Investimenti nell’energia pulita e nell’educazione e una riforma per estendere la
copertura sanitaria a tutta la popolazione. Sono questi gli obiettivi del budget dell’amministrazione
statunitense per il 2009, illustrato nel consueto discorso del sabato del presidente
Barack Obama. Per l’inquilino della Casa Bianca, questo bilancio determinerà un cambiamento
del Paese. Il presidente Usa si è poi detto pronto a fronteggiare gli interessi delle
lobby delle assicurazioni e dell’energia, che, a suo avviso, si stanno preparando
a combattere queste riforme. Intanto l’economia americana continua a far registrare
nuovi, pesanti deficit: il quarto trimestre del 2008 è stato molto negativo. Bisogna
infatti risalire al 1982 per rilevare un decremento nel prodotto interno lordo superiore
al 6%. Sulle cause di questa contrazione nell’economia statunitense si sofferma, al
microfono di Amedeo Lomonaco, l’economista Alberto Quadrio Curzio:
R. – La contrazione
è dovuta ad una molteplicità di ragioni, in parte di natura politica. Anche se questa
credo sia la motivazione meno rilevante, bisogna ricordare il recente processo elettorale,
il cambiamento del presidente. Questi eventi hanno avuto un peso. Ma la causa è soprattutto
di natura finanziaria, legata al tracollo del sistema bancario e finanziario americano.

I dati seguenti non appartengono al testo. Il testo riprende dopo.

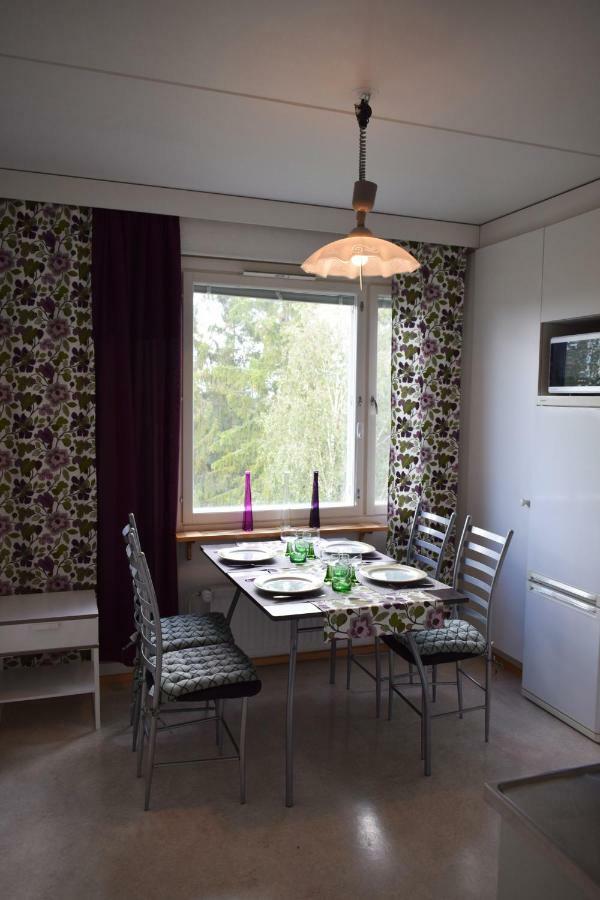 Ferienwohnung Ranta Tampere Exterior foto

Probabilmente, questo Paese sta pagando il prezzo ad un "liberismo libertario" che
aveva posto come grande modello al quale tutti dovevamo ispirarci. Ma si tratta di
un modello che - ormai ne siamo convinti - ha dei limiti enormi. D.
– Di fronte a questi limiti, quali reali margini di manovra ha adesso la nuova amministrazione
americana? R. – La mia impressione è che i margini di manovra
non siano molto grandi. Ci sono, ma va ricostruita la sostanziale organicità del sistema
economico americano su due profili: gli americani risparmiano pochissimo e consumano
troppo e per questo si indebitano. Dal punto di vista individuale, si indebitano con
la dinamica dei mutui e sotto il profilo istituzionale con un indebitamento estero
molto forte, soprattutto verso i Paesi asiatici. Nessun sistema economico può vivere
a lungo con due indebitamenti così marcati. D. – A proposito
di Paesi asiatici, in Cina il massiccio piano di investimenti del governo può realmente
arginare la crisi? R. – La Cina ha compresso artificiosamente
la propria valuta per esportare di più ed ha anche lasciato correre un po’ su quella
tematica, così delicata, che è la falsificazione dei prodotti. Una falsificazione
certamente non avallata dal governo e, tuttavia, attuata da determinati produttori.
Credo però che la Cina potrà riprendersi più rapidamente perché ha delle riserve valutarie
gigantesche. Riserve che, spese adeguatamente all’interno, ridaranno spinta alla sua
economia, o meglio, ne freneranno il calo. D. – In un contesto
mondiale così pesantemente condizionato dalla crisi finanziaria, l’Europa può resistere
a questo terremoto economico? R. – A mio avviso l’Europa ha
i cosiddetti fondamentali decisamente migliori degli Stati Uniti e anche della Cina.
Le famiglie non si sono mai indebitate troppo, tuttavia non deve essere passiva. Io
propongo, come altri, che l’Europa proponga dei titoli di debito pubblico europei
da collocare sul mercato per unificare meglio il proprio tessuto economico. Sarebbe
un disastro, invece, assumere atteggiamenti protezionistici interni o, peggio ancora,
nazionalistici. L’Europa è un’entità unitaria e tale deve rimanere.